By Susan Belsinger | Jan 30, 2009
Native to Asia and Europe and grown in both temperate and subtropical climates, this perennial plant has long stalks and large leaves called petioles. Rhubarb requires a cold season to flourish; it likes a winter where the temperatures go to at least 40 degrees or below (it needs this to break dormancy), making it an ideal choice for northern climates. Once temperatures reach between 75 to 80 degrees, plant growth slows down. Gardeners living in southern climes have had some success growing it as an annual, planting it in early spring.
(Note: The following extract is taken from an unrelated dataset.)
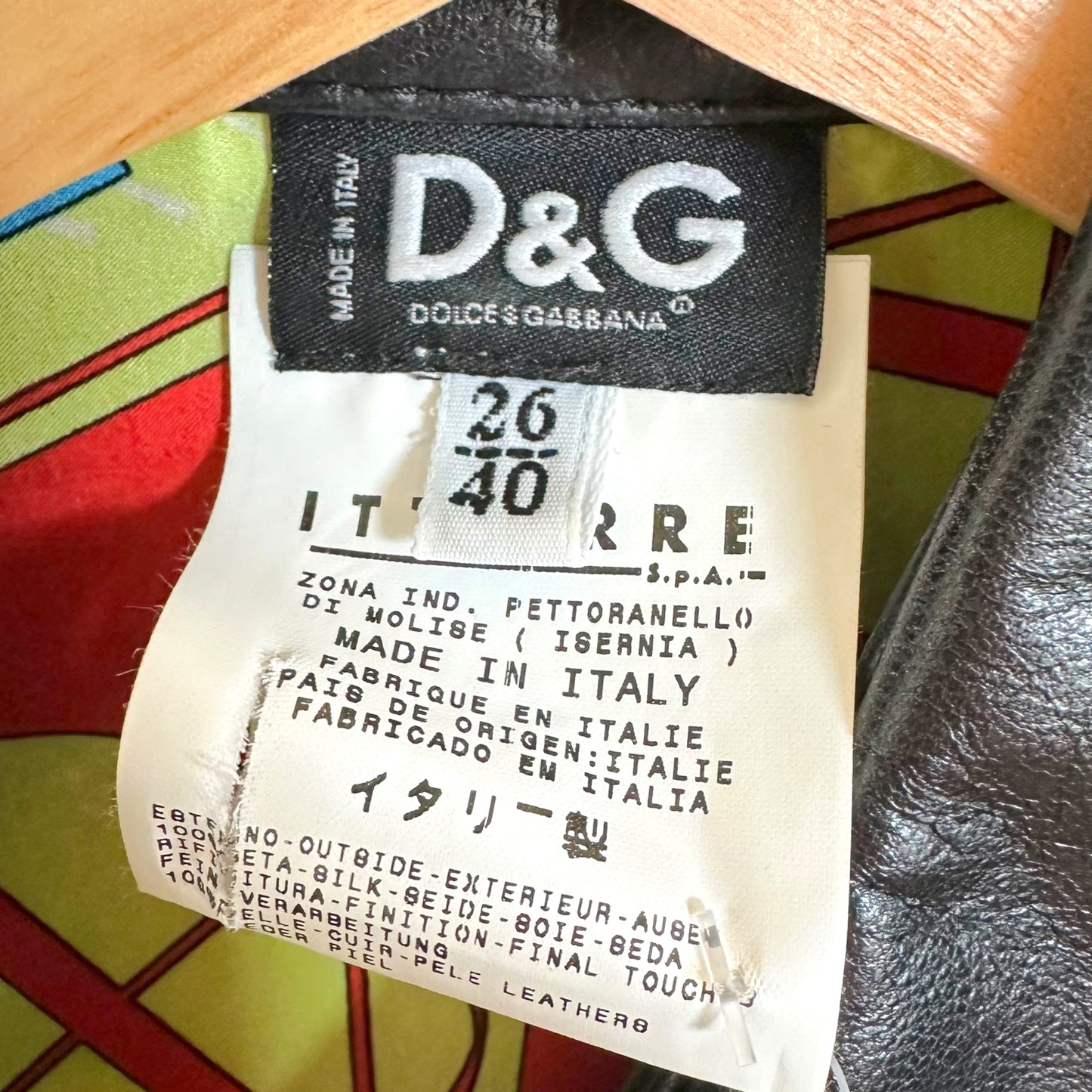 D&G Dolce & Gabbana Silk & Leather Printed Blouse Top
Rhubarb is best started from root divisions or by cutting crowns and dividing them, making sure that each division has a piece of crown, or bud and root enough to grow. You can get these from nurseries or catalogues, or from friends who are dividing their rhubarb plants. Plant the roots in early spring in fertile, well-drained soil that is enriched with organic matter like compost and aged manure; it does best with a pH between 6 and 6.5. Rhubarb will do best in full sun, however, it can grow in some partial shade, but plants and yield will be smaller. Some gardeners plant in hills and others in rows; plant about 3 to 4 feet apart and cover the roots so that the buds or crowns are covered with about 2 inches of soil. It is important to water well for the first few months, especially if it is dry. Straw or leaf mulch is a good idea to retain moisture and discourage weed growth.
It is important to keep rhubarb free of weeds and to keep the seed stalks cut back. Once it produces seed stalks, growth and production of petioles slows down. The first year plants should be harvested sparingly; thereafter, the entire plant can be harvested. Stalks can be harvested by pulling them out from the base one at a time or cutting them at soil level with a sharp knife. The entire plant can be harvested all at once or anytime during its growing season as needed. Depending on the individual plants and the climate, harvest season starts in May or June sometimes there will be a second harvest in August. After the first harvest, or when the plants start putting out small and thin petioles, it is time to stop harvesting and give the plants a rest. If watered during the hotter weather, plants may produce again during the cooler weather of September or October. This depends totally on type of plant and where and how they are grown.
Much of the rhubarb we buy at market is field grown, however, there is also quite a bit of hothouse-grown rhubarb. Crowns are moved into hothouses so that they can be forced during the winter months. Some say that hothouse-grown rhubarb is milder; I am not sure I agree. Rhubarb cultivars are plentiful – they come in green, pink and red, some with 10-inch-long petioles, while others reach 18 inches. Red does not necessarily mean more mature or better flavor; pink and green are just as delicious. And bigger does not always mean better; sometimes the smaller stalks are more tender. In season, choose fresh, firm stalks that are glossy and aren’t limp and ones that are free of brown spots.